In the city of Los Angeles now, a very vigorous effort has created a broadly based coalition that is working to achieve a 100,000,000-dollar housing fund for the city of Los Angeles.
Interestingly enough, every single member of the city council has committed themselves to that program. Both mayoral candidates in the last election committed themselves. It's on the agenda for the city council at this very moment.
Very important was the breadth of the coalition that supported that effort and made housing in the city of Los Angeles a major issue.

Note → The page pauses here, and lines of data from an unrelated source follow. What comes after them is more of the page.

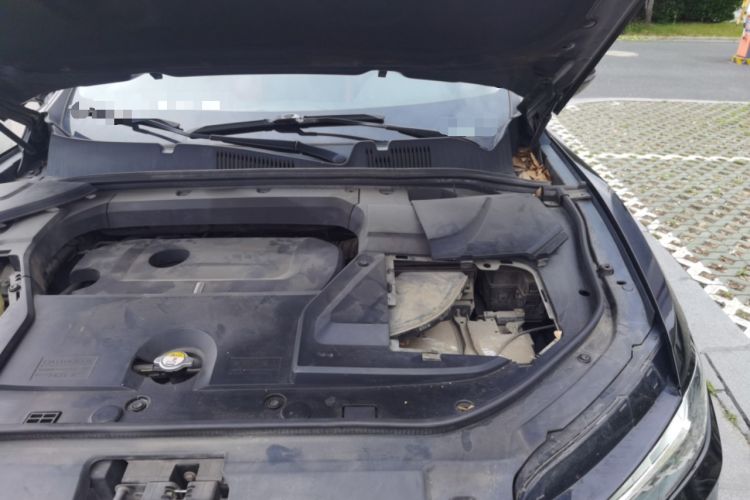 Used Wey VV5 2017 2.0T Ultra-Luxury Version Engine Bay Left
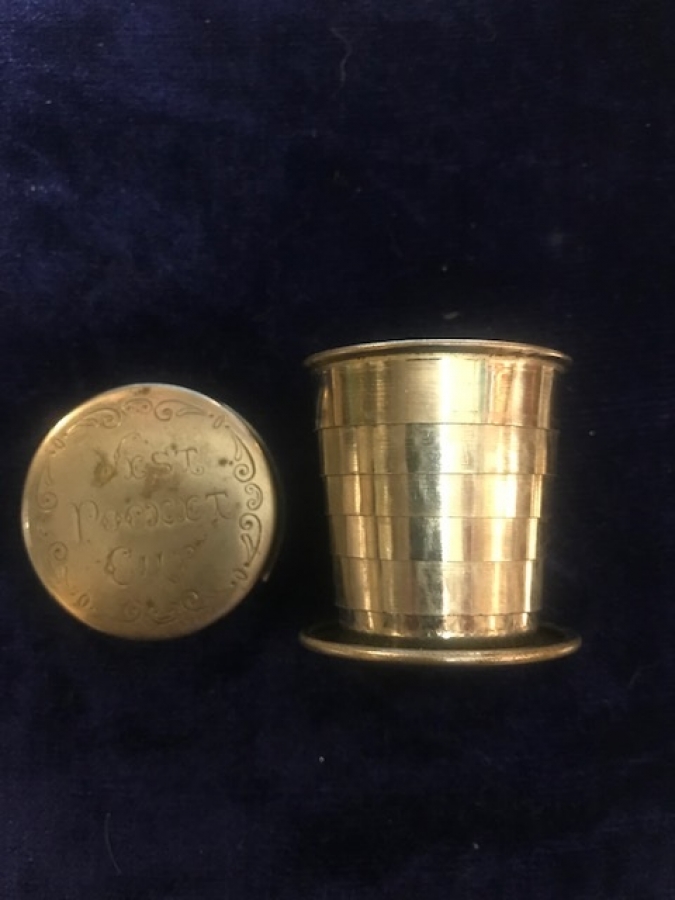 1897 ABD YELEK CEP KUPASI METAL SEYAHAT VİSKİ SHOT + KAPAK KOVBOY AKARDEON BARDAK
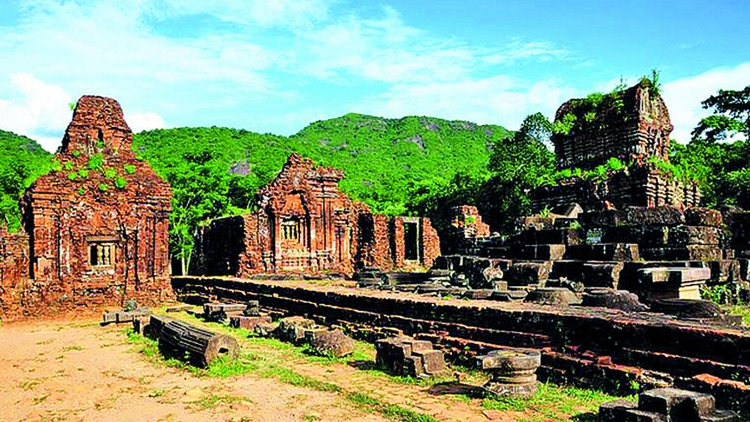 LANGYAH DOM BAOH PANUAC TUI SAP VN LAC :"BIÊN PHÒNG", "BỘ ĐỘI", "QUÂN ĐỘI", "LỰC LƯỢNG VŨ TRANG" DALAM SAP CAM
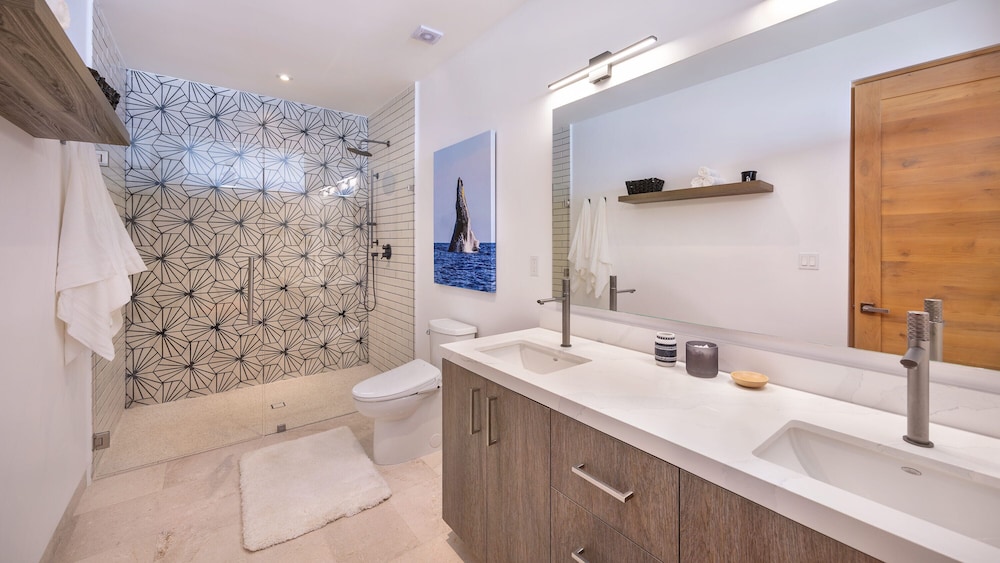 Premium Condo photo 3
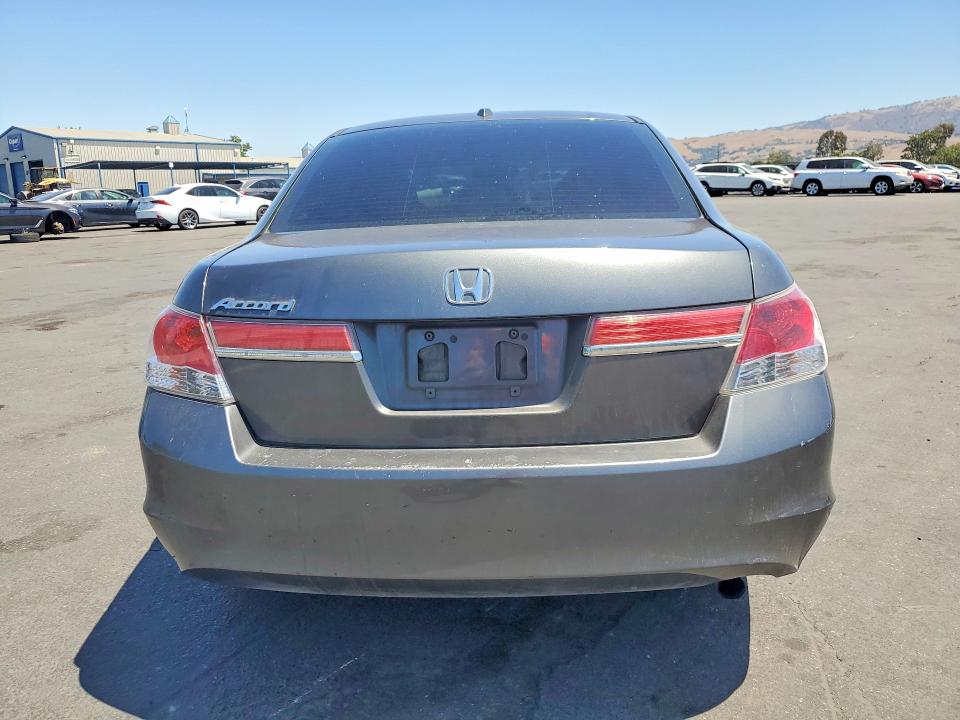 58515236 :رقم المزاد ، 1HGCP2F85CA076220 vin ، 2012 Honda Accord مزاد بيع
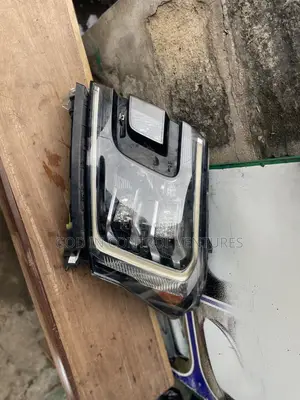 Ford Expedition 2020 Headlight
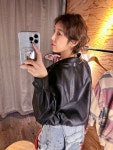 얼반아웃피터스 25SS 여성 사일런스 앤드 노이즈 끌로에 FAUX 레더 봄버 자켓 2색 택1 : 비아비아미국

It's very interesting to us in the city of Pasadena, where I live -- was the fact that we succeeded in passing, against much opposition, an inclusionary zoning ordinance about two months ago that, again, was based on a coalition of seniors, people in the African-American and Latino communities that now make up nearly a majority of the people in our city, and people in the business community who know that affordable housing is a necessity for the economic well-being of that community.
There are other steps that can be taken as far as housing is concerned, but I do want to come back to, I think, the most fundamental issue. I'm glad it was raised sharply.
If we want to have housing, if we want to have bricks and mortar, we have to have dollars and cents. This commission, I think, has to face directly that issue. We cannot stretch the dollars and build the housing that's needed for seniors or anybody else if we do not work for the appropriations that are necessary.
Secondly, I do want to emphasize that I believe that senior housing is part of the general housing problem in our society, a problem that affects grandparents acting as parents. It's a problem that can be met by family housing, not by senior housing abstractly.
The seniors that we keep talking about, who double in percentages in the next 25 years, are the seniors in their 40s and 50s now who need affordable housing.
I think pragmatically, politically, it's important. I also think it's important for us to say that we are in favor of housing programs for ourselves, for our children and for our grandchildren.